Ein Kreuzweg zu den
Noten von Franz Liszt, den Opfern der organisierten Kriminalität gewidmet: Das hat
der Verband „Libera“, zu deutsch „Frei“, am Montagabend in Neapel organisiert. „Er
starb an der Gewalt der Mafia“ waren die Kreuzwegmeditationen überschrieben, die der
Caritas-Verantwortliche des Erzbistums, Don Tonino Palmese, getextet hatte. Zu dem
ungewöhnlichen Kreuzweg kamen Angehörige von Opfern, Behördenvertreter und Kardinal
Crescenzio Sepe, der Erzbischof der Stadt am Vesuv.
„Das ist für uns eine
Zeit des Leidens und des Schmerzes.
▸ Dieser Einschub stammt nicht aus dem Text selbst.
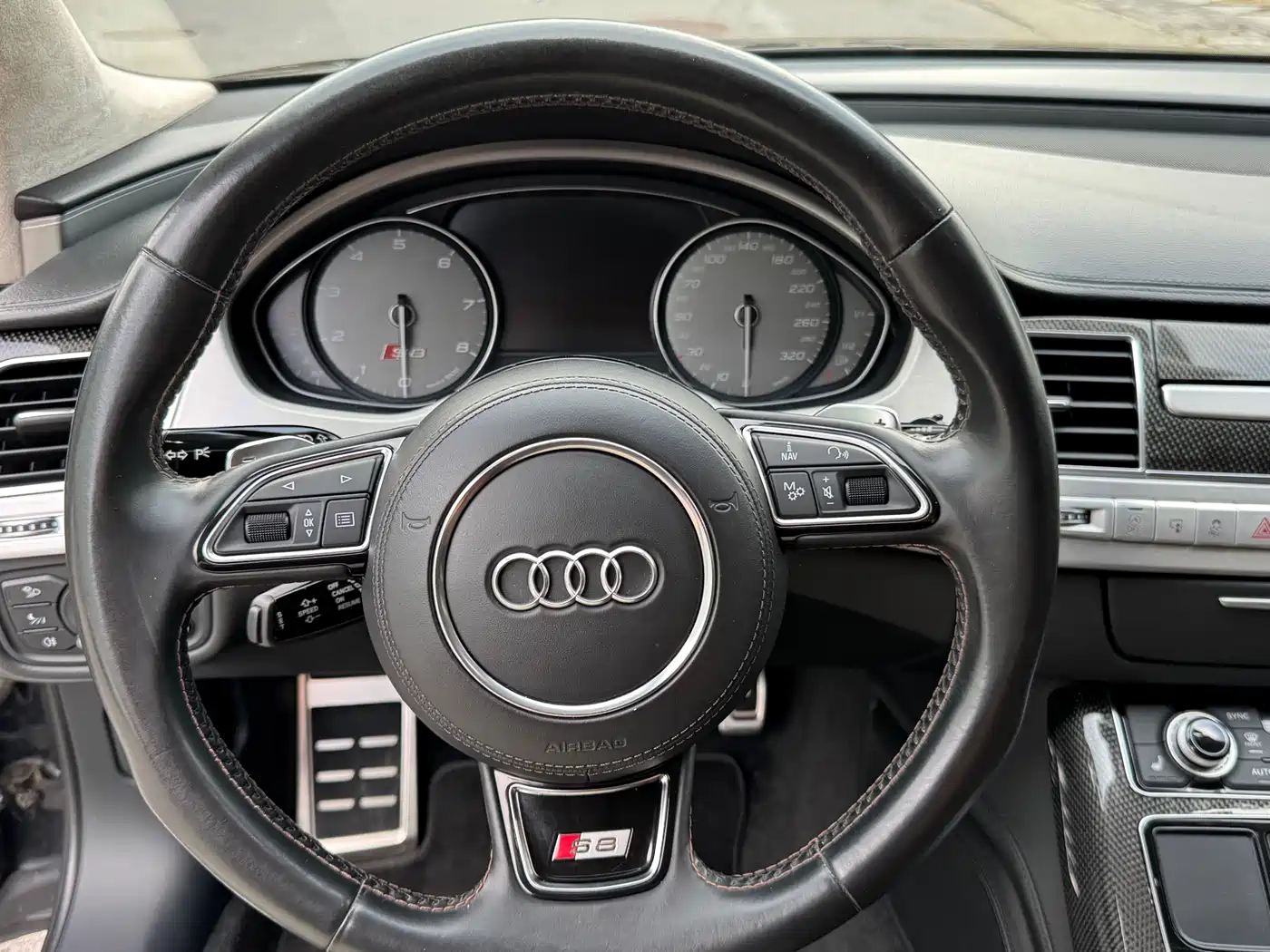 Audi S8 2013 S8 4.0TFSI quattro фото 20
Die Mafia ist auch für die Kirche eine große Sorge;
wir sehen den Tod der Unschuldigen, die vielen Menschen, die auf dem Altar dieser
sündigen Realität geopfert werden, im Lichte Christi. Diese kriminellen Organisationen
schrecken vor nichts zurück, auch nicht vor dem Tod Unschuldiger. Wir Christen haben
die moralische Pflicht, an die Opfer zu erinnern, um die Kraft zum Zurückweisen dieser
Kriminalität zu finden.“
Der Kreuzweg sei „ein Schrei, um die öffentliche
Meinung aufzurütteln, damit sie mit Kraft und Entschlossenheit gegen die Mafia vorgeht“,
formuliert der Kardinal. Aber haben die Menschen in Neapel und der Region Kampanien
überhaupt noch die Kraft, gegen die Mafia vorzugehen, obwohl sie so tief in den Alltag
jedes Einzelnen eingedrungen ist?
„Ich glaube schon. Die Leute sind doch
sehr sensibel für die Befreiung, für den Respekt ihrer persönlichen, aber auch sozialen
und gemeinschaftlichen Würde. Darum scheint es mir wirklich eine Christenpflicht,
den positiven Kräften in der Gesellschaft einen Kräfteschub zu geben, wir müssen alle
etwas tun für eine bessere Welt.“
Beim Anti-Mafia-Kreuzweg gab es zunächst
wie gewohnt einen Bibeltext und eine Meditation. Danach wurden die Namen von Mafia-Opfern
verlesen, unter anderem durch einen Gerichtspräsidenten und einen Staatsanwalt. „Es
mag deplaziert scheinen, Glaubensthemen mit dem Thema Mafia zu vermischen“, schreibt
der „Corriere del Mezzogiorno“. „Aber so ist es nicht. Denn sich der perversen und
gewalttätigen Logik der Mafia zu widersetzen, ist zweifellos ein Zeichen des Glaubens.
Viele Priester (u.a. Peppino Diana und Pino Puglisi, die von der Mafia getötet wurden)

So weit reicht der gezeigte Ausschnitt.